AUSTRALASİAN RECYCLİNG LABEL (ARL) UYGULAMASI

Diğer geri dönüşüm etiketlerinden farklı olarak ARL, tamamen kanıta dayalı bir sistem olup temelinde Ambalaj Geri Dönüştürülebilirlik Değerlendirme Portalı (PREP) bulunmaktadır. Bir ambalajın ARL etiketi taşıyabilmesi için, bertaraf (atık) beyanlarını destekleyen PREP değerlendirmesinden geçmiş olması zorunludur. PREP, sadece ambalajın üretiminde kullanılan malzemeleri değil; aynı zamanda şekli, ağırlığı, boyutu, kullanılan mürekkepler, yapıştırıcılar ve diğer teknik özellikleri de değerlendirir. Bu sistem, ambalajın geri dönüşüm ekosistemindeki davranışını kaldırım kenarı (kerbside) toplama anından, Malzeme Geri Kazanım Tesisi (MRF) ve sonraki işlem merkezlerine kadar simüle etmektedir. Bu süreçte aynı zamanda, yerel geri dönüşüm hizmetlerinin erişilebilirliği de dikkate alınır. PREP, bir ambalajın, yerel belediye kaldırım kenarı toplama sistemleri aracılığıyla geri dönüştürülüp dönüştürülemeyeceğini, bu hizmete erişebilen nüfus oranına göre değerlendirmektedir. Kaldırım kenarı erişim verileri, yıllık olarak güncellenen Planet Ark’ın RecyclingNearYou web sitesinden alınan bilgilerle belirlenir.

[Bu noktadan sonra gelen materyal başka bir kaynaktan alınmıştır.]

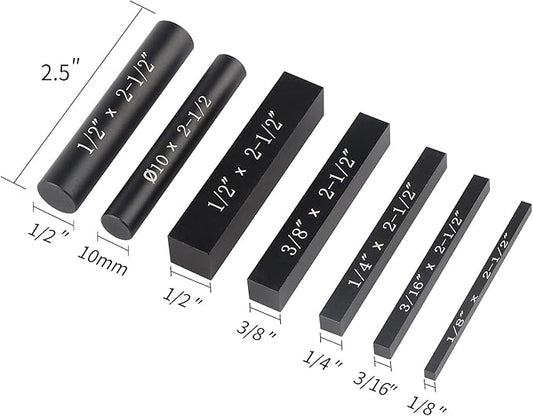 Setup Blocks Height Gauge Set, 7pcs Precision Aluminum Setup Bars for Router and Table Saw Accessories Woodworking Set Up, Bars Include Laser Engraved Size Markings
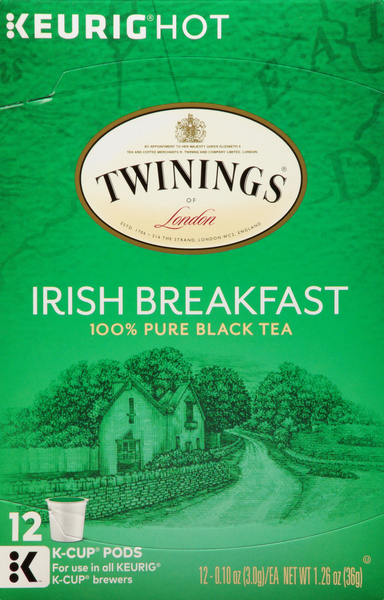 Irish breakfast tea outlet k cups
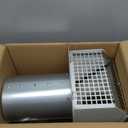 8 Inch Hooded Wall Vent Cover Outside, Dryer Exhaust Vent Metal Mesh Cover, Wall Vents Cover Exterior Air Exhaust for Kitchen Bathroom House Range Hood HVAC (White)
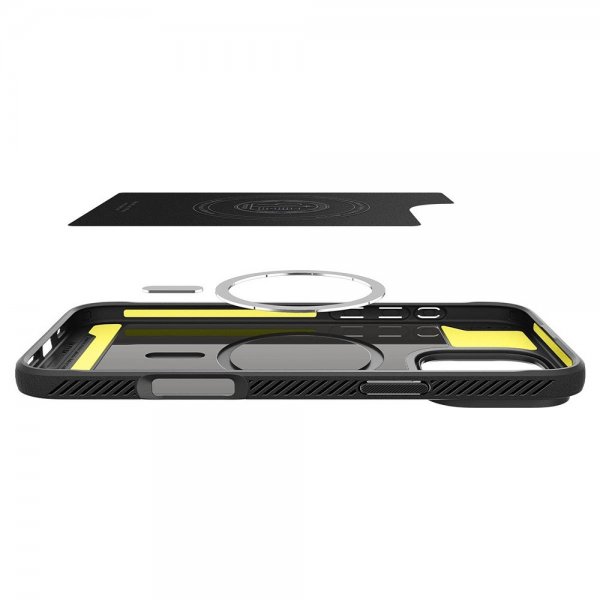 Spigen iPhone 16 Pro Cover Rugged Armor MagFit Mat Sort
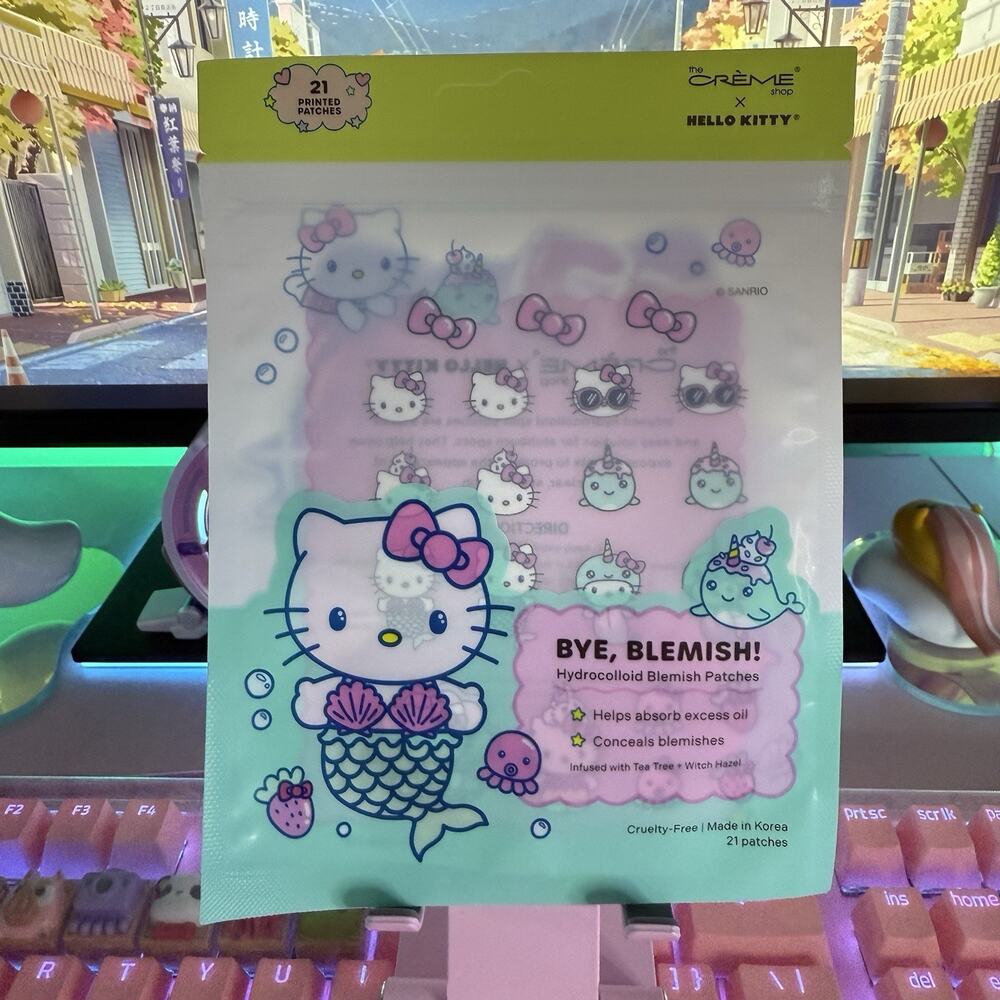 The Creme Shop Sanrio Hello Kitty Hydrocolloid Acne Blemish Pimple Patches 21 - Picture 2 of 16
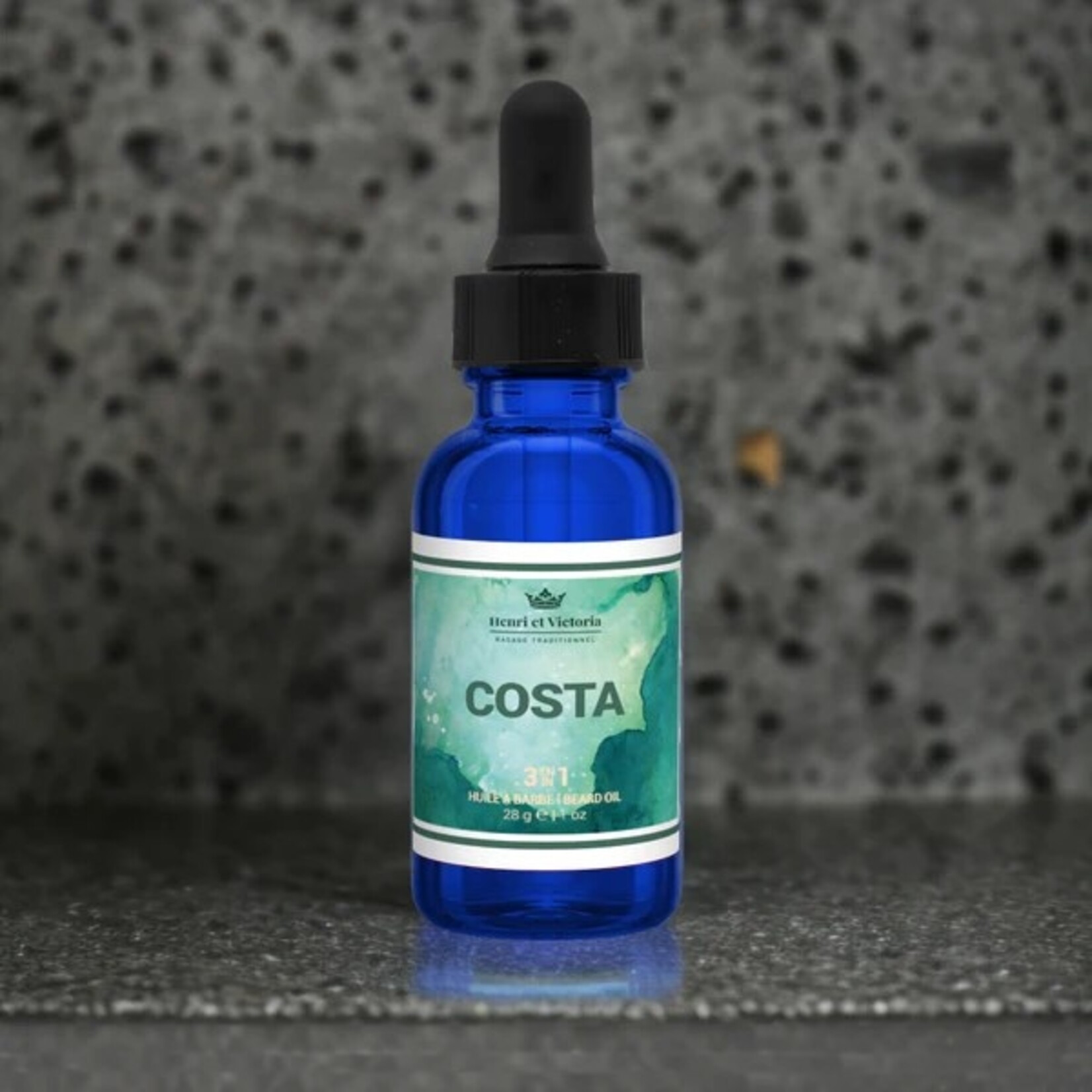 HENRI ET VICTORIA Beard Oil - Costa - Preshave oil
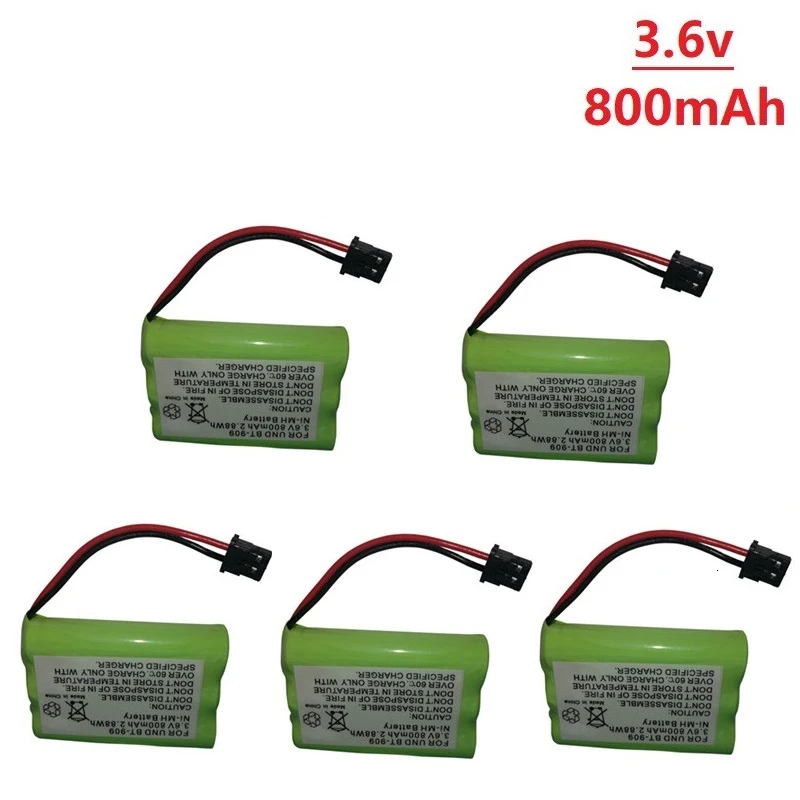 3 6 v Перезаряжаемые беспроводной телефон батарея для uniden BT 909 BT909 * AAA металл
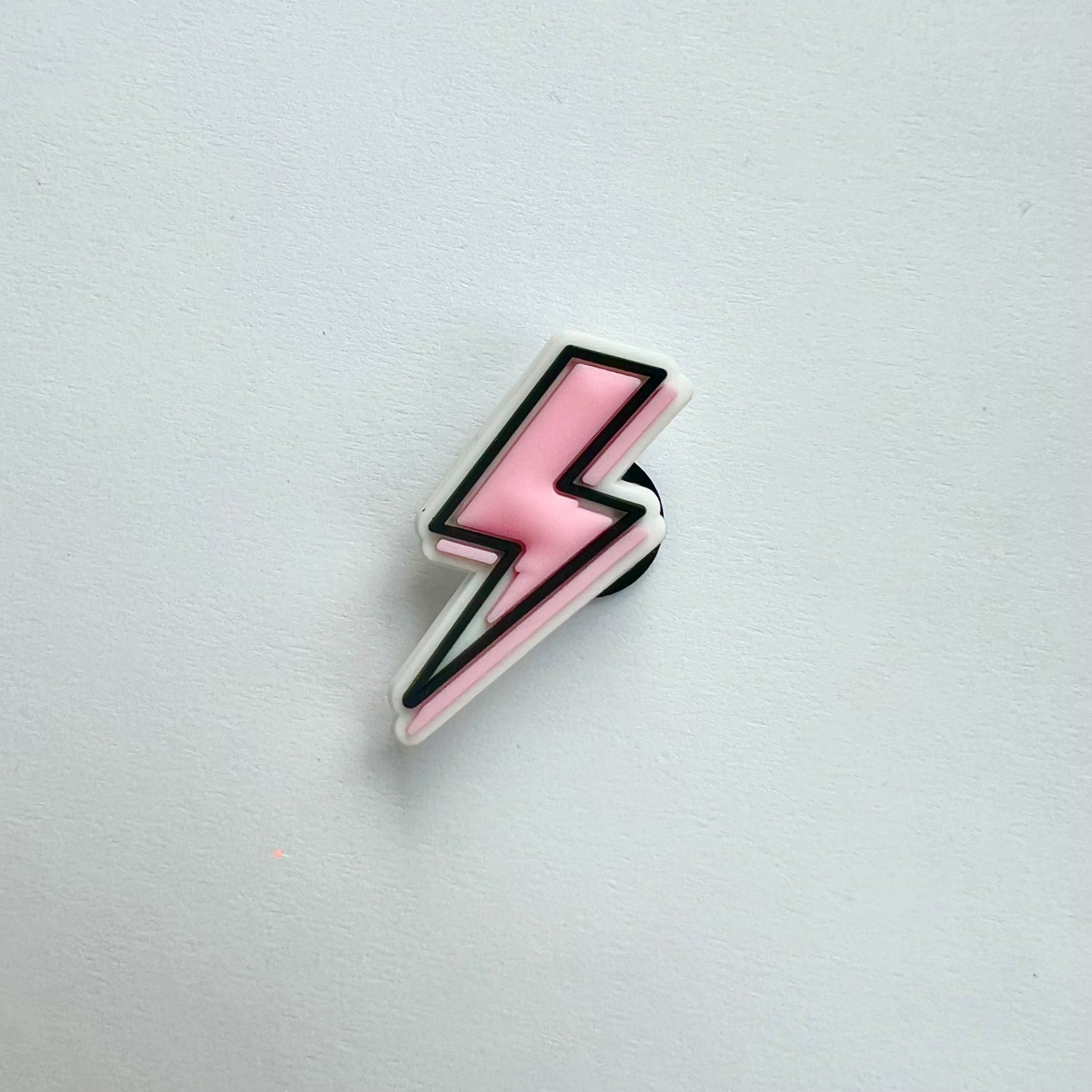 Pink Lightning Bolt Charm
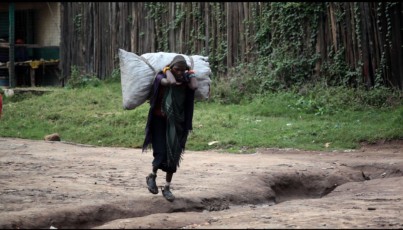 Women carrying load in Maralal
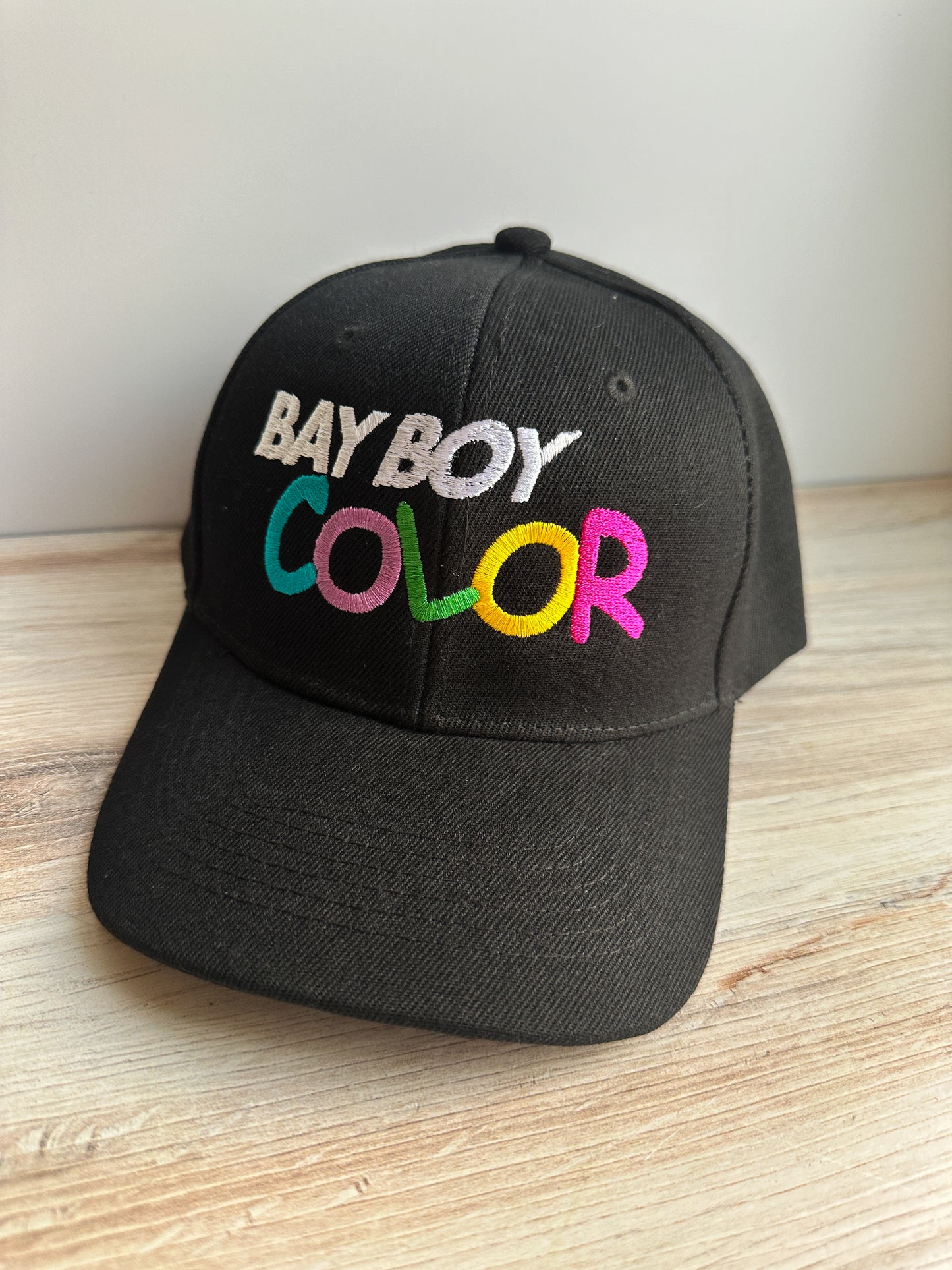 Bay Boy Color Embroidered Hat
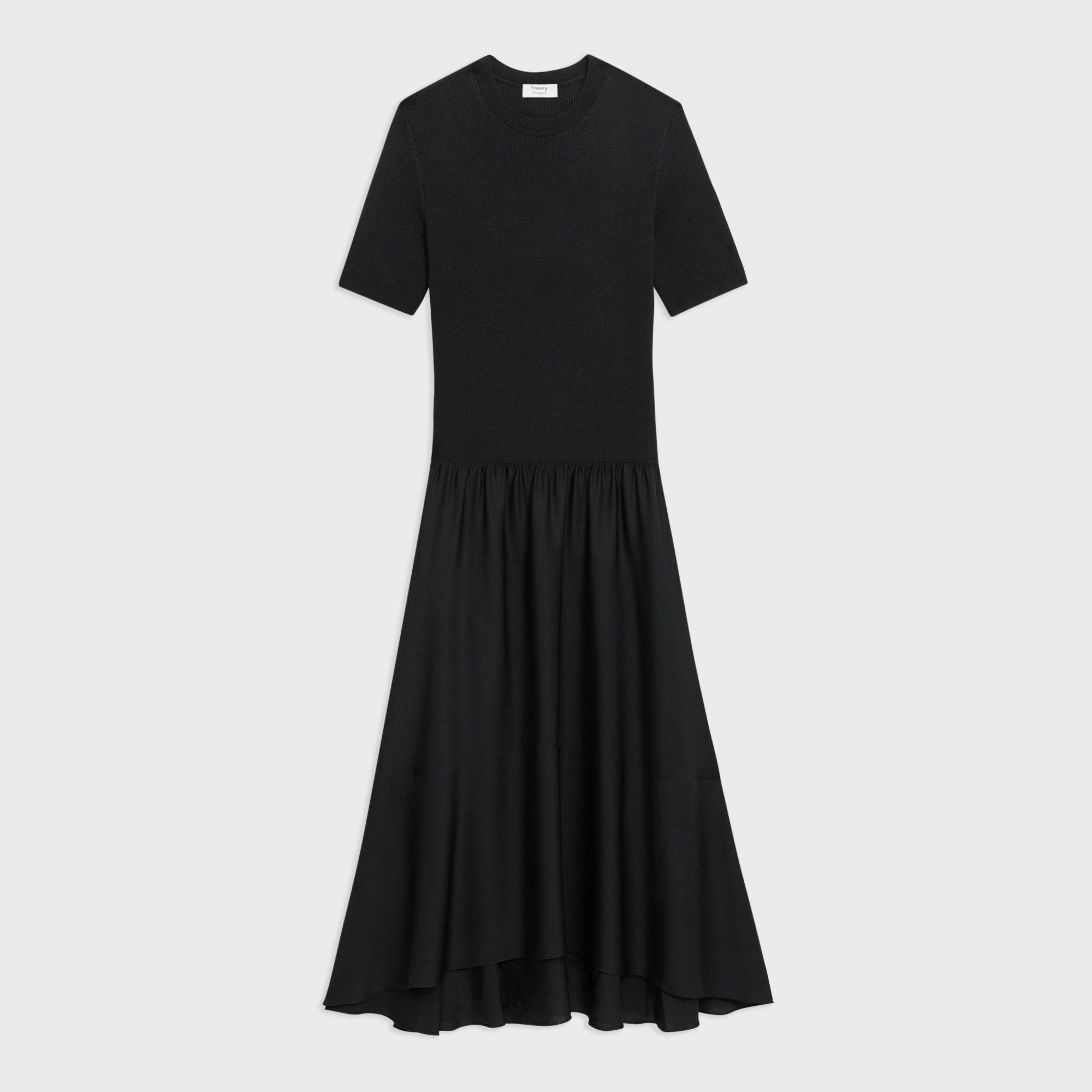 Wool-Viscose Combo Dress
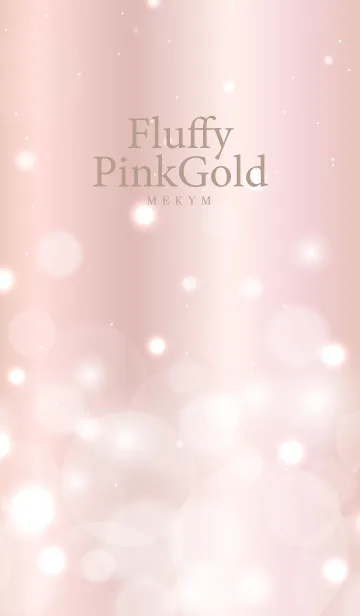 [LINE着せ替え] Fluffy Pink Gold - MEKYM - 21の画像1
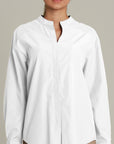 Dennes Long Sleeve Cape Back Shirt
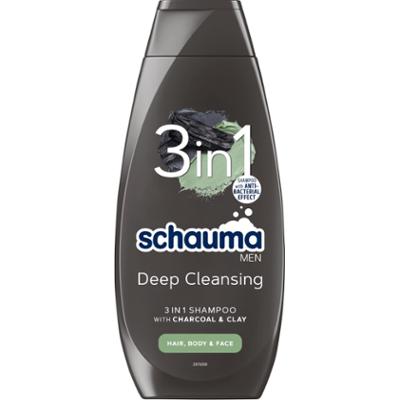 SCHAUMA MEN 3W1 Hair - Body - Face  Szampon i żel do kąpieli, 400 ml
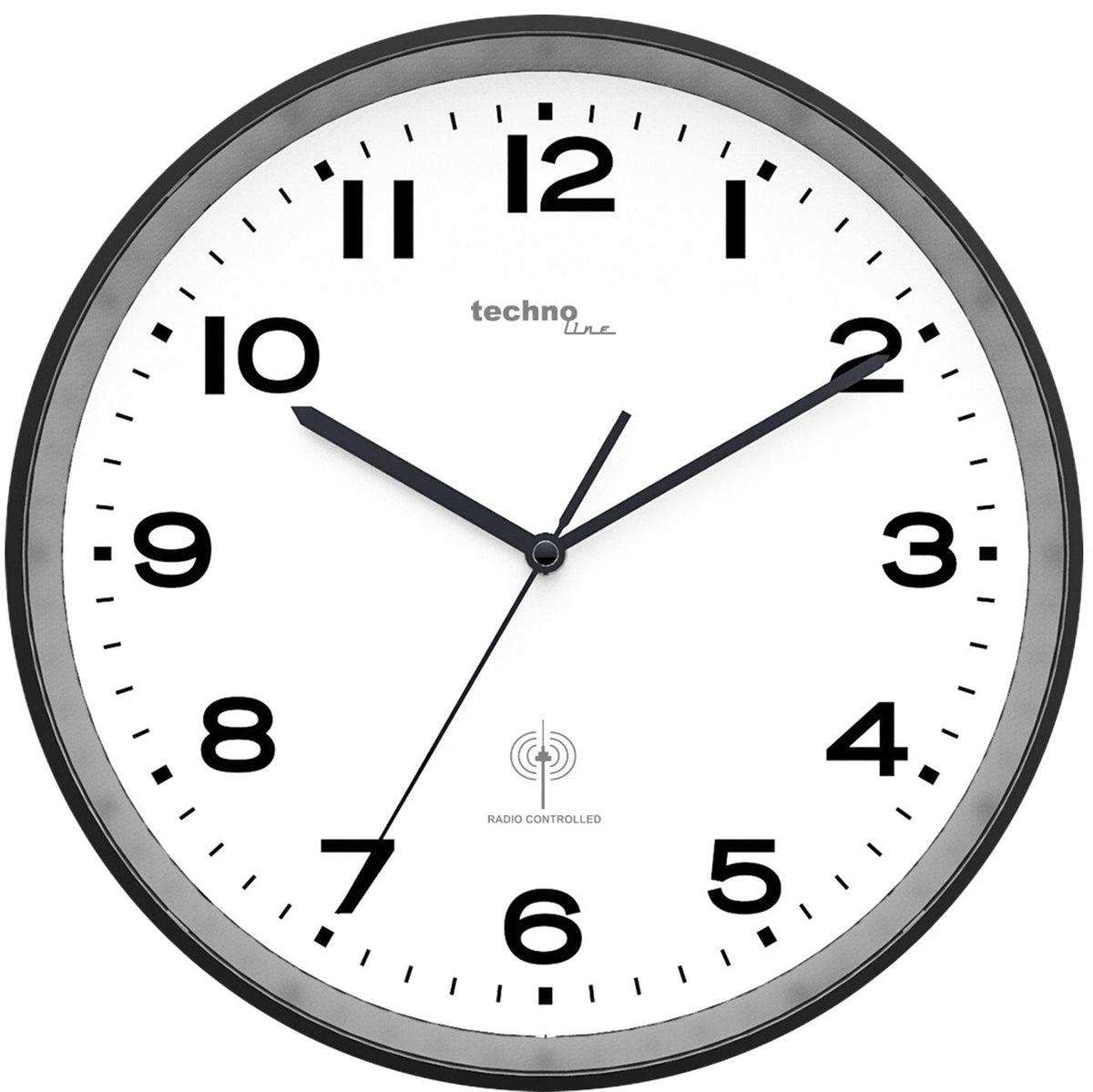 Technoline Wt 8500-3 Negro Radiocontrollato Orologio Da Parete 30 Cm X 4.1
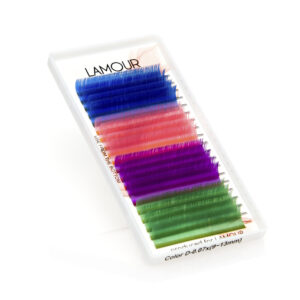 Colored lashes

Değerlendirme kriterleri şunlardır:

–  %80’den fazla nüfus erişebiliyorsa, “Yaygın Olarak Kabul Edilmiş” (Widely Accepted) kabul edilir.

–  %60–80 arasında erişim varsa, daha az yaygın kabul edildiği varsayılır ve tüketicilere “Yerel durumu kontrol edin” (Check locally) uyarısı verilir.

–  %60’tan az erişim varsa, geri dönüştürülebilir olarak kabul edilmez.

Bu modelde, teknik geri dönüştürülebilirlik ile belediyelerin toplama durumu birlikte değerlendirilerek, bir ambalajın geri dönüştürülebilir olup olmadığı ya da tüketicinin ekstra bir adım atmasının gerekip gerekmediği belirlenir.

Ayrıca ARL sistemi, Avustralya ve Yeni Zelanda’da henüz kaldırım kenarı toplama kapsamında olmayan, ancak alternatif toplama noktaları aracılığıyla toplanabilen ambalajlar için de bilgi sağlamaktadır. Örneğin, yumuşak plastikler için “yerel kontrol” (check locally), kahve bardakları içinse “sadece teslim noktası” (drop off only) ifadeleri kullanılabilir. Bu tür durumlarda, tüketicilerin bu tür atıkları belirlenmiş toplama noktalarına götürmeleri gerekmektedir.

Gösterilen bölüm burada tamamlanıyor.